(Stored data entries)
--------------------------------------------------

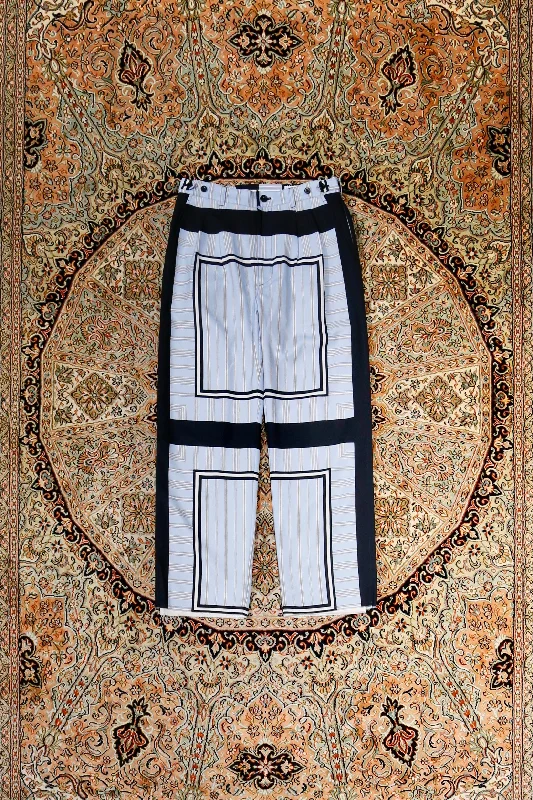 PERSONAL DATA PRINT TROUSERS C (A BLUE) Cropped Trousers Casual Linen
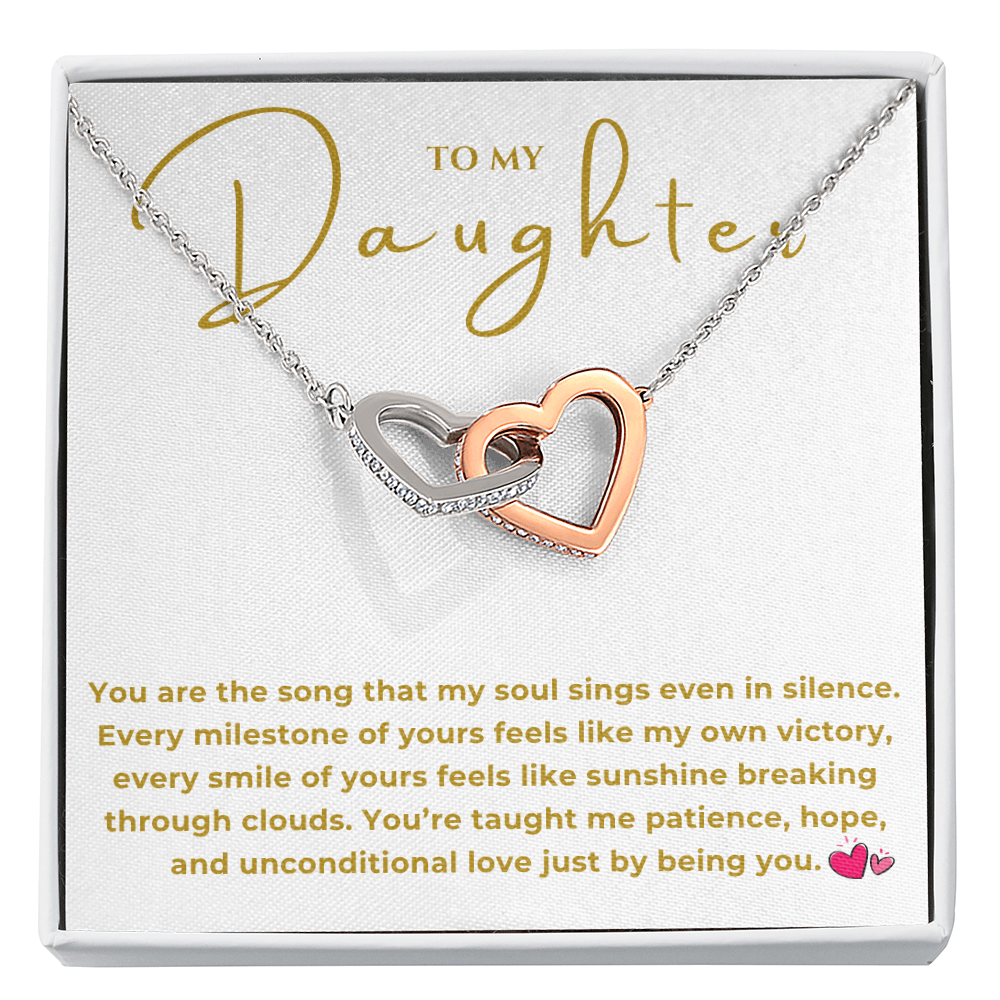 To My Daughter Interlocking Hearts Necklace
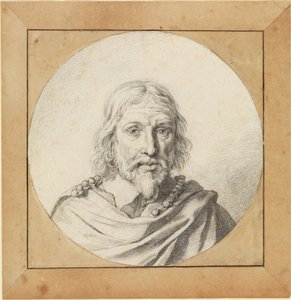 Bröstbild av en gammal man framifrån (i rundel) av Jan de Bray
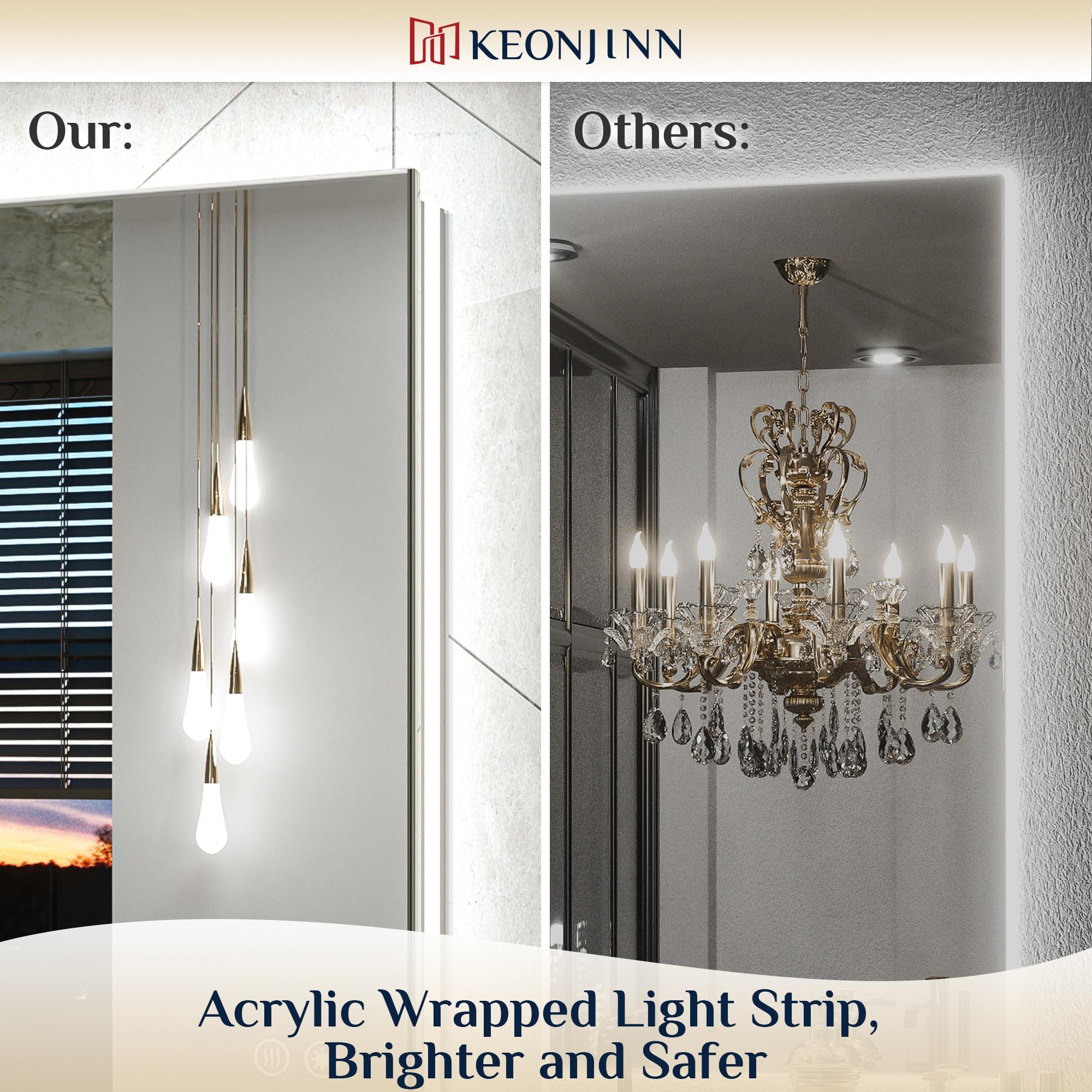 Ivy Bronx Keonjinn 40 X 24 In LED Bathroom Mirror With Lights, Adjustable 3 Color Lights, LED Vanity Mirror, Wall Mounted Anti-Fog Dimmable Mirror, UL Listed LED Driver, HD Tempered Glass(Horizontal/Vertical)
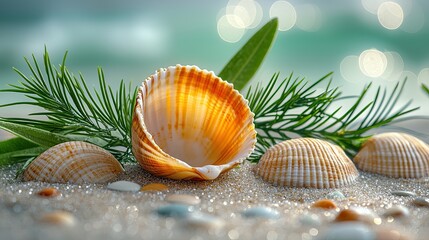 Close-up of vibrant seashells and greenery on sandy beach with blurred ocean background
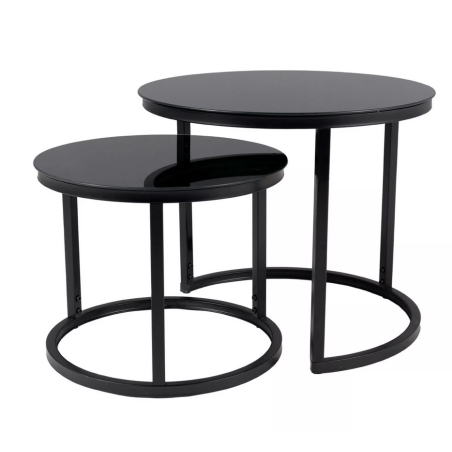 Set de 2 tables basses rondes "Atlanta D II" - Noir - D 53 x H 45 cm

--------------------------------------------------

• **Work instruction**: What is the exact wording of the lines from the one bearing "Bröstbild av en" through the final line of the records above? Write it out without the pictures.

• **Finished task**:
 Bröstbild av en gammal man framifrån (i rundel) av Jan de Bray
 Ivy Bronx Keonjinn 40 X 24 In LED Bathroom Mirror With Lights, Adjustable 3 Color Lights, LED Vanity Mirror, Wall Mounted Anti-Fog Dimmable Mirror, UL Listed LED Driver, HD Tempered Glass(Horizontal/Vertical)
 Close-up of vibrant seashells and greenery on sandy beach with blurred ocean background
 Set de 2 tables basses rondes "Atlanta D II" - Noir - D 53 x H 45 cm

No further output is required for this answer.